• EXERCISE PROMPT: Print out the data exactly, keeping every image out of it.

• EXERCISE DATA:
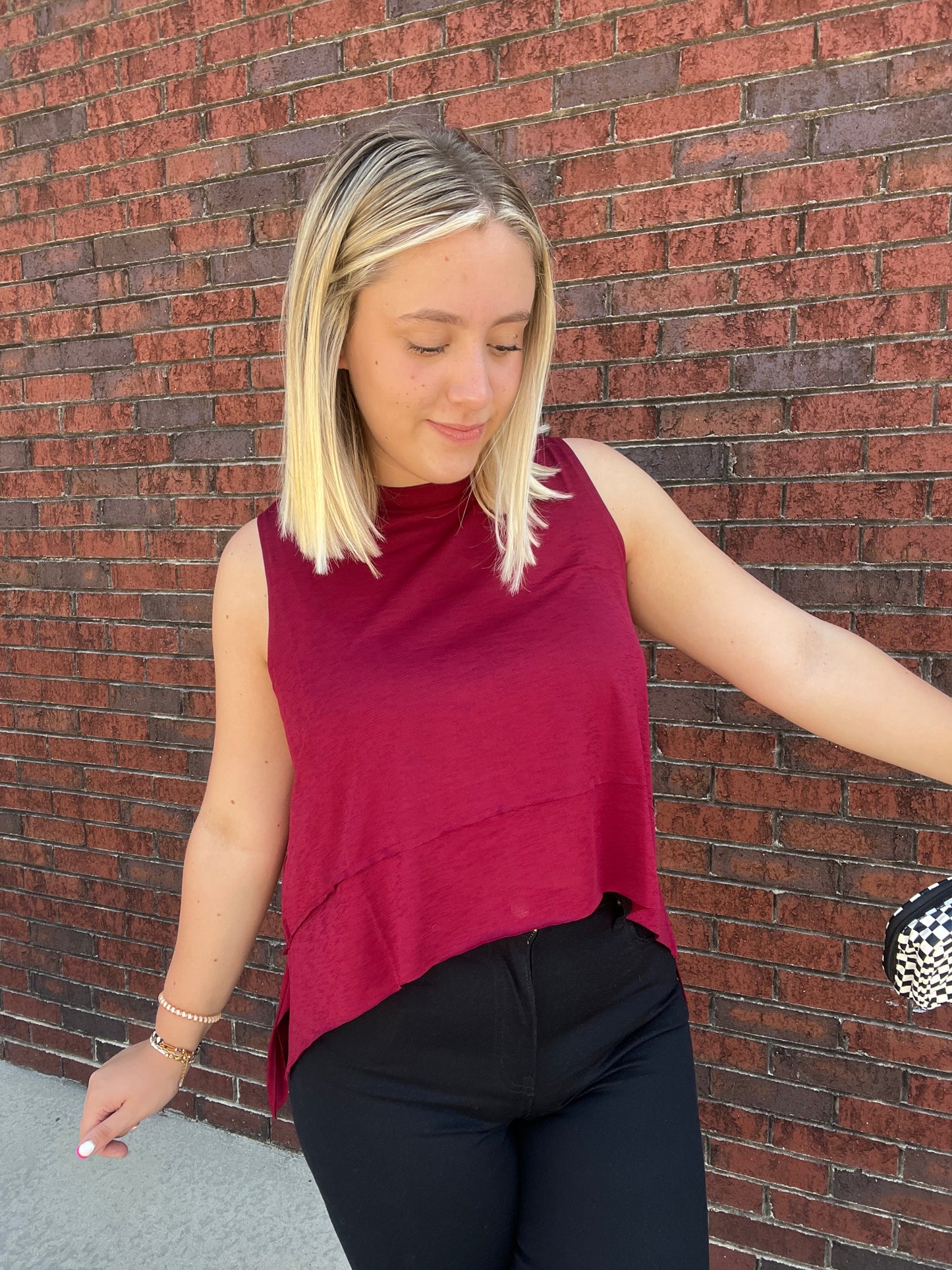 Side Slit Sleeveless Top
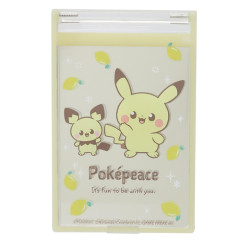 Japan Pokemon Standable Folding Mirror - Pichu & Pikachu / Lemon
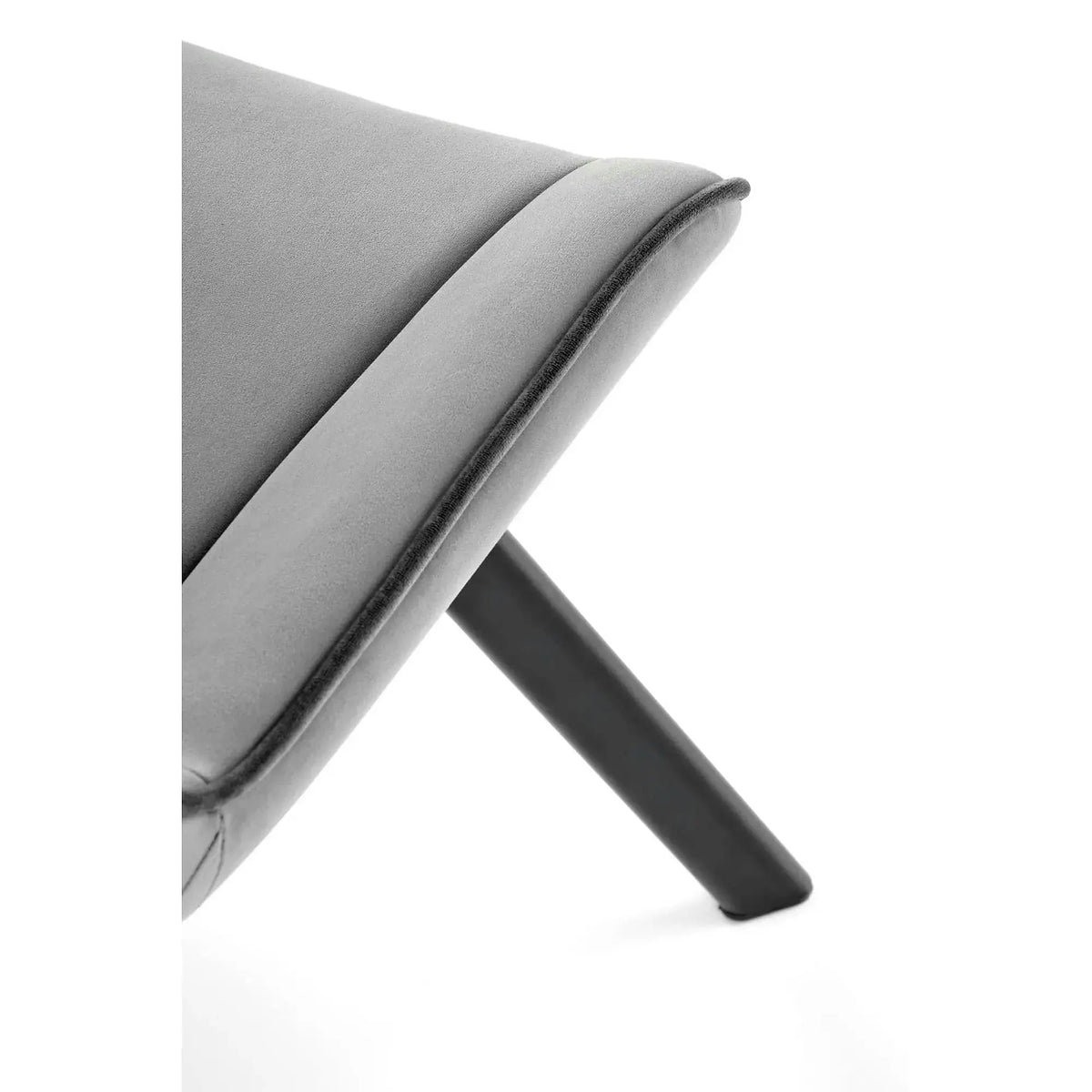 Scaun tapitat K520, gri/negru, stofa catifelata, rotativ, 45x63x80 cm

• ANSWER SPACE:
 Side Slit Sleeveless Top
 Japan Pokemon Standable Folding Mirror - Pichu & Pikachu / Lemon
 Scaun tapitat K520, gri/negru, stofa catifelata, rotativ, 45x63x80 cm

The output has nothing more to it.